(DATA SUPPLIED)
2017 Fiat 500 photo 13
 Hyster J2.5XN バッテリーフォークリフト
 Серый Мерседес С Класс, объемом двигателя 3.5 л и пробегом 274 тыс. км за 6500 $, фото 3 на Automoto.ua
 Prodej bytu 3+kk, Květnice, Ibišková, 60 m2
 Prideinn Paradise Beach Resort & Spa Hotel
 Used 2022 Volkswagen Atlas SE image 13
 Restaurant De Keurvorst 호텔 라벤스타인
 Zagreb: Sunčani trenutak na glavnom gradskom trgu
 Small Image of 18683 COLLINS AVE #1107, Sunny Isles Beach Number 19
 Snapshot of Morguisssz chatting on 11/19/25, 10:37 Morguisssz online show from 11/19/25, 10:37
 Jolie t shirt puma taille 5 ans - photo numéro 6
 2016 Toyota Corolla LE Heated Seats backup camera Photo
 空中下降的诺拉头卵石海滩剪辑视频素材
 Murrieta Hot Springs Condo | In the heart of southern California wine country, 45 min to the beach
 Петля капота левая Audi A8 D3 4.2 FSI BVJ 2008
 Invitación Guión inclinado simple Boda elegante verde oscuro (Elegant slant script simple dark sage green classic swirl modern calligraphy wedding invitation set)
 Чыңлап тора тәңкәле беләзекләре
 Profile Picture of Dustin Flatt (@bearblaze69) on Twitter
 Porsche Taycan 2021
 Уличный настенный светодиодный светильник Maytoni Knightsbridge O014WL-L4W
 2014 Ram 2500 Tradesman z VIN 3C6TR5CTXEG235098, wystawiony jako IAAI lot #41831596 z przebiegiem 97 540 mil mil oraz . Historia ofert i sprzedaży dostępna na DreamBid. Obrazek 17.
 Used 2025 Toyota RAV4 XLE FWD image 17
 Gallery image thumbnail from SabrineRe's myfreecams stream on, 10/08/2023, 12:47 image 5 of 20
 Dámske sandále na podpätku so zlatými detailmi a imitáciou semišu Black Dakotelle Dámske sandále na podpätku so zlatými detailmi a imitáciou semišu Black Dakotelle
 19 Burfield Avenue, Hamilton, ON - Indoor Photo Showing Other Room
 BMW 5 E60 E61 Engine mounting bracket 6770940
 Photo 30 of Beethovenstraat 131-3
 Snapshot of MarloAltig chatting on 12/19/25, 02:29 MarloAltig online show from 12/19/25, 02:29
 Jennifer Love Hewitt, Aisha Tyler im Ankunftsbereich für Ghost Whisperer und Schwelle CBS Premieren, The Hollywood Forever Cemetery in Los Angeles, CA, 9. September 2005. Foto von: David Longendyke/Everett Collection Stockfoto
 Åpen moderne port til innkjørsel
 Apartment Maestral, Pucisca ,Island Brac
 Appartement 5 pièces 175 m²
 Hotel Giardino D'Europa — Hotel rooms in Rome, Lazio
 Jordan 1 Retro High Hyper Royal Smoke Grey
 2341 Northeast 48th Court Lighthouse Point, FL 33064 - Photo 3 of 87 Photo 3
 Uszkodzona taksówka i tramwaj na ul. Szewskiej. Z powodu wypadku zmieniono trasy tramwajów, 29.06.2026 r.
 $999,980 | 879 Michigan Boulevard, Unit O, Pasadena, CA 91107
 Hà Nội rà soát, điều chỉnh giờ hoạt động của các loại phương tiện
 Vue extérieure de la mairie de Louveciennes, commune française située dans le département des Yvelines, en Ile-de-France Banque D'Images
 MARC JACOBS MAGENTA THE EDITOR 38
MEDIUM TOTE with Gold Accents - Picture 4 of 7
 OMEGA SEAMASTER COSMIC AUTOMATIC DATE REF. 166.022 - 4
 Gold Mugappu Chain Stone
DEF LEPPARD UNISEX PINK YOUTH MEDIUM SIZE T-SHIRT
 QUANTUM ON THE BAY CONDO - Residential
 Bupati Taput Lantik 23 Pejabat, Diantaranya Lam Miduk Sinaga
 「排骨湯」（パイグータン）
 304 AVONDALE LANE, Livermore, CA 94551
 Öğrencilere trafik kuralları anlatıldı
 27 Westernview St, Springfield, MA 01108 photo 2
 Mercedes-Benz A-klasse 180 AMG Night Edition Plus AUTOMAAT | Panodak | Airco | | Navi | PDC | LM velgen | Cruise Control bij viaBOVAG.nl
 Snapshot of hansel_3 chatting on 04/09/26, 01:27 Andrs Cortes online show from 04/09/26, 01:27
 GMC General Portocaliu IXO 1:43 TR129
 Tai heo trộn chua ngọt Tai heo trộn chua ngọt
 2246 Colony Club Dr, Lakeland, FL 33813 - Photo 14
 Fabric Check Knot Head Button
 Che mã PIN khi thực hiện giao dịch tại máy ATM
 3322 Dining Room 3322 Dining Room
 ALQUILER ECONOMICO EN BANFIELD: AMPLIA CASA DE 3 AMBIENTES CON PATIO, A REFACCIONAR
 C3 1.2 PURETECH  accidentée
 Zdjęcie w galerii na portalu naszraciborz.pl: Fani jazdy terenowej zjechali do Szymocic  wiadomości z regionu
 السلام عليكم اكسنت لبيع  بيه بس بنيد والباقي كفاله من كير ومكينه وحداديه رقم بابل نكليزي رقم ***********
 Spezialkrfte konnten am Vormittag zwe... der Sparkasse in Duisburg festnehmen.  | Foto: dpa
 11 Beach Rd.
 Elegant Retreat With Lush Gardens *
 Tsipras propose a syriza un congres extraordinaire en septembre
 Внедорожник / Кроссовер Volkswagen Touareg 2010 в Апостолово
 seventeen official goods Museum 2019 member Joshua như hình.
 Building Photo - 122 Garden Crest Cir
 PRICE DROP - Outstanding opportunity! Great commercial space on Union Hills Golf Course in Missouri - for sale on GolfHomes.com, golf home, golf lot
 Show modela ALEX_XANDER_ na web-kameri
(End DATA SUPPLIED)
• _WORK INSTRUCTIONS_
Reproduce the lines above, beginning at the line with "Invitación Guión inclinado" and stopping after the line with "Snapshot of MarloAltig", exactly as they are.

• _WRITTEN SOLUTION_
 Invitación Guión inclinado simple Boda elegante verde oscuro (Elegant slant script simple dark sage green classic swirl modern calligraphy wedding invitation set)
 Чыңлап тора тәңкәле беләзекләре
 Profile Picture of Dustin Flatt (@bearblaze69) on Twitter
 Porsche Taycan 2021
 Уличный настенный светодиодный светильник Maytoni Knightsbridge O014WL-L4W
 2014 Ram 2500 Tradesman z VIN 3C6TR5CTXEG235098, wystawiony jako IAAI lot #41831596 z przebiegiem 97 540 mil mil oraz . Historia ofert i sprzedaży dostępna na DreamBid. Obrazek 17.
 Used 2025 Toyota RAV4 XLE FWD image 17
 Gallery image thumbnail from SabrineRe's myfreecams stream on, 10/08/2023, 12:47 image 5 of 20
 Dámske sandále na podpätku so zlatými detailmi a imitáciou semišu Black Dakotelle Dámske sandále na podpätku so zlatými detailmi a imitáciou semišu Black Dakotelle
 19 Burfield Avenue, Hamilton, ON - Indoor Photo Showing Other Room
 BMW 5 E60 E61 Engine mounting bracket 6770940
 Photo 30 of Beethovenstraat 131-3
 Snapshot of MarloAltig chatting on 12/19/25, 02:29 MarloAltig online show from 12/19/25, 02:29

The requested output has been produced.